The U.S. stock market plunged Monday as investors continued to digest first-quarter earnings from the world’s biggest companies and focused on looming updates from the likes of Microsoft and Google parent Alphabet.
The Wall Street benchmark S&P 500 closed 0.1% higher, while the tech-heavy Nasdaq Composite closed 0.3% lower.
Morgan Stanley’s U.S. equities team said stocks are generally doing well heading into the current earnings season and are at risk as investors begin to focus on management’s increasingly cautious outlook.
“Given the more pessimistic earnings outlook this year for our more tactically oriented clients, we believe this dynamic poses near-term risk to our share price,” they wrote in a note to clients.
Coca-Cola shares fell 0.2% after the beverage group reported 5% net sales growth in the first quarter.
Microsoft, Alphabet and Amazon’s latest results this week are likely to be the focus of investors’ attention. big tech It has held up well despite US interest rates continuing to rise. This is a factor that has supported the wider market. Microsoft is up 18% year-to-date and Amazon is up 29% of him. The S&P 500 is up just over 7% so far.
Bed Bath & Beyond drops 39% to 18 cents a share after home products group Filing for Chapter 11 Bankruptcy Protection on sunday.
U.S. government debt rose Monday, boosting rate-sensitive 2-year yields national treasury It fell 0.04 percentage points to 4.14%, while the benchmark 10-year bond yield fell 0.06 percentage points to 3.51%.

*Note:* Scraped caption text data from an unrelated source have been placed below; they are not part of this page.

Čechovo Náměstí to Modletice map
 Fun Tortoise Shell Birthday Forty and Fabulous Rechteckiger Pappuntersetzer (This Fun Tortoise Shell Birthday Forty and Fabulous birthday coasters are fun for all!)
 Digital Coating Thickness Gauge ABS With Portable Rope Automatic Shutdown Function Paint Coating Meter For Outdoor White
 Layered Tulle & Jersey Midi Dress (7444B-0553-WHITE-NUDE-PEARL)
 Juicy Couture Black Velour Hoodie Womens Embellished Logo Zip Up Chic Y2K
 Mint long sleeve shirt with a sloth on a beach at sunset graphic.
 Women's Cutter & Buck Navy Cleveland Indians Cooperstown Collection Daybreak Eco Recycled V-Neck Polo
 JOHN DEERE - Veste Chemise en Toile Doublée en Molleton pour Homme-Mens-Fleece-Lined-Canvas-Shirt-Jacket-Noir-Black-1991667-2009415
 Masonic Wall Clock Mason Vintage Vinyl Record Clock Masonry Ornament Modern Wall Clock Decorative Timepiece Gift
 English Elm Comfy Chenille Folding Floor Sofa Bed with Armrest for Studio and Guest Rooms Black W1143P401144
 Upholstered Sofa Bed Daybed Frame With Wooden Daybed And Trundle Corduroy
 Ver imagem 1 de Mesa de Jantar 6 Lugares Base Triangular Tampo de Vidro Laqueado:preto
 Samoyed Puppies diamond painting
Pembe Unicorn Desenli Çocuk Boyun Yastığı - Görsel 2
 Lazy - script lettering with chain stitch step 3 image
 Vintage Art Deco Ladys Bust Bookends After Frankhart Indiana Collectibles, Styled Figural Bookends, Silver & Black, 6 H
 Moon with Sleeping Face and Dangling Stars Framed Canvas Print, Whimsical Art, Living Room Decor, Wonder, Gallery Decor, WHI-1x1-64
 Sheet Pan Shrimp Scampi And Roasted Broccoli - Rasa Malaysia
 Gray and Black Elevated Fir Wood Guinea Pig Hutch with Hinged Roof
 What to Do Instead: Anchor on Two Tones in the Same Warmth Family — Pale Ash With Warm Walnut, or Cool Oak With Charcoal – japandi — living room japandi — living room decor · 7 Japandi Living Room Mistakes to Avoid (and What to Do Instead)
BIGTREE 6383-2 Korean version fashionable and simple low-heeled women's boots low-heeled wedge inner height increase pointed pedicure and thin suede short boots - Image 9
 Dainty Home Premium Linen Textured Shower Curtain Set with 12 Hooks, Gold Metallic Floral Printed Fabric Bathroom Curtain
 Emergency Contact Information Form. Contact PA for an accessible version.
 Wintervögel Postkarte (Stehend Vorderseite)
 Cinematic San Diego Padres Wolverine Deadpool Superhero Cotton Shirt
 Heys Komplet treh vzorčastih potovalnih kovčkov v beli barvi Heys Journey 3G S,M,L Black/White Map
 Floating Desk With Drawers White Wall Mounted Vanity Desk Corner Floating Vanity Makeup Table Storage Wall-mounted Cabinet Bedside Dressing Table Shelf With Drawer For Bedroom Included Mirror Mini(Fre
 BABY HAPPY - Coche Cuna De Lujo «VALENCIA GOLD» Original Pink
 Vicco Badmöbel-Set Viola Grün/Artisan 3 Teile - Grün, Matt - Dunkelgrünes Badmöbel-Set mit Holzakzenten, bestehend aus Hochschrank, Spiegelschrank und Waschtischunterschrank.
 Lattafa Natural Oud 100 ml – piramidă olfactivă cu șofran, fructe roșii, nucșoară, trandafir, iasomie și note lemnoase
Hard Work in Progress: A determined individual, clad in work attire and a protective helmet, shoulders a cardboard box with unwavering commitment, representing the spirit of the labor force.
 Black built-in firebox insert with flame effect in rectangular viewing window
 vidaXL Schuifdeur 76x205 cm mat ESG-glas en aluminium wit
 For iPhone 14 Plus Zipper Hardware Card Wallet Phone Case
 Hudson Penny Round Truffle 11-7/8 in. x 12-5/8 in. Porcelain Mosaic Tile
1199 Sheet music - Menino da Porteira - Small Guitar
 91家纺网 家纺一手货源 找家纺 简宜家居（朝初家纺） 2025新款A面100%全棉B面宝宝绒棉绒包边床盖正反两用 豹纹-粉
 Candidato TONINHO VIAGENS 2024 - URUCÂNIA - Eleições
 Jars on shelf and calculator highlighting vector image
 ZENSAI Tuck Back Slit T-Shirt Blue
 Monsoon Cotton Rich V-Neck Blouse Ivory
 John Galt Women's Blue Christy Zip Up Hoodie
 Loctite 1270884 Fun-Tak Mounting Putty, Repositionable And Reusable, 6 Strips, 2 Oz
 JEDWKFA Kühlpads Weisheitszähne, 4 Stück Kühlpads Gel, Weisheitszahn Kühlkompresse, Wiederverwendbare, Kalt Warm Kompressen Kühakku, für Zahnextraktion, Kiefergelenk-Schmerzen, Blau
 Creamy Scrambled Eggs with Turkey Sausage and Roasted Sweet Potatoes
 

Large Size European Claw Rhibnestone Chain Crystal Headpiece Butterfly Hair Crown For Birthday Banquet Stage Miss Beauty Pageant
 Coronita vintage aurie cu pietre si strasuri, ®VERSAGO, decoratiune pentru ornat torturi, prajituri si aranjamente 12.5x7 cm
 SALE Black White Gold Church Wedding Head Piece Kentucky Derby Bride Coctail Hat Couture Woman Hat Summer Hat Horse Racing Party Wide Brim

BMO strategists noted that trading volume is slightly above half of its recent average. Movements are likely to remain subdued ahead of first-quarter gross domestic product (GDP) numbers due on Thursday and inflation data to be watched on Friday.
The Federal Reserve will meet next week to decide degree of interestA 0.5 percentage point hike is broadly priced in, but investors are eyeing the possibility of more rate cuts later this year.
An index measuring the dollar’s strength against a basket of six major currencies fell 0.3%.
China-related stock exchanges started the week weaker as Hong Kong’s Hang Seng Index fell 0.6% and the Hang Seng Tech Index fell 0.2%.
Bloomberg reported last week that U.S. President Joe Biden is poised to further restrict the ability of U.S. companies to invest in key parts of China’s economy.
China’s CSI 300 fell 1.2%, dragged down by the non-cyclical nature of basic materials, real estate and consumers.
The European region-wide Stox 600 and London FTSE 100 were both down less than 0.1%.The move came when Credit Suisse announced suffered an outflow of 61.2 billion francs ($68.6 billion) in the first quarter. Shares of UBS, which agreed to buy Credit Suisse last month, surged 0.8%.